Internauci oburzeni: chcemy prawdy! Rząd odpowiada...

W kolejnych zgłoszeniach do redakcji Wirtualnej Polski oraz w komentarzach pod artykułami na temat ACTA, Internauci zwracają uwagę na pomijane w mediach aspekty kontrowersyjnego traktatu. - Mój apel do dziennikarzy: przestańcie nam wmawiać, że ACTA dotyczy wyłącznie internetu - pisze w komentarzu pod jednym z artykułów Internauta Lach. W odpowiedzi na ten apel zebraliśmy komentarze, które zwracają uwagę na pomijane zagadnienia. Tylko nieliczni publicyści zauważyli, że ACTA odnosi się do różnych sfer działalności gospodarczej i wykracza daleko poza internet. Ogólnie sformułowane przepisy mogą promować duże zachodnie koncerny z różnych branż, związanych m.in. z wytwarzaniem oprogramowania i leków.
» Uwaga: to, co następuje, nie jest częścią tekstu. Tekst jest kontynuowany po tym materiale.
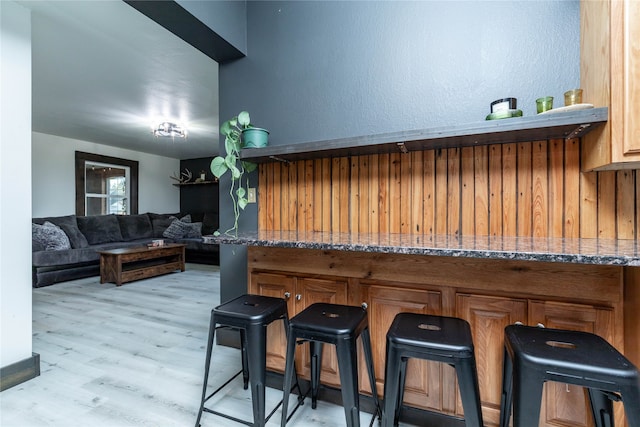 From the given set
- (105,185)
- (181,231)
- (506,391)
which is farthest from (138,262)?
(506,391)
Szczególną aprobatę uczestników dyskusji zyskał komentarz Internauty Wirtualnej Polski, podpisującego się nickiem Zniesmaczony121. Komentarz był wielokrotnie kopiowany na forach dyskusyjnych różnych portali, dlatego trudno z całą pewnością ustalić jego źródło. - Jeśli przeczytasz całość, dowiesz się, że ACTA jest traktatem handlowym narzuconym przez USA, na warunkach USA. Nacisk jest wręcz fizycznie odczuwalny. Jak wiemy, ACTA dotyczy przeciwdziałania rozpowszechniania podróbek nie tylko w internecie, ale przede wszystkim w świecie realnym. ACTA będą miały zastosowanie wszędzie tam, gdzie zostanie naruszona zasada rzekomej oryginalności. Narzuci to rozprowadzanie produktów opartych na konkretnych patentach. Do czego zmierzam? Otóż ACTA nakładają na sygnatariuszy stosowanie wyrobów, które są poparte patentami zarejestrowanymi przez wielkie korporacje zachodu (czytaj USA). A dlaczego? Bo nie mamy własnych, które mogłyby konkurować z tamtymi. To od razu eliminuje konkurencję krajów rozwijających się, takich jak
Polska. Nie będziemy mogli niczego wyprodukować bez kupna licencji od korporacji zachodnich, inaczej będziemy odpowiadać za podrabianie. Będziemy biedni, ponieważ licencje są tak drogie, że nie sprzedamy niczego taniej od nich - twierdzi Internauta Zniesmaczony121. Komentujący wymienia również przykłady branż, w których polskie firmy poniosą straty.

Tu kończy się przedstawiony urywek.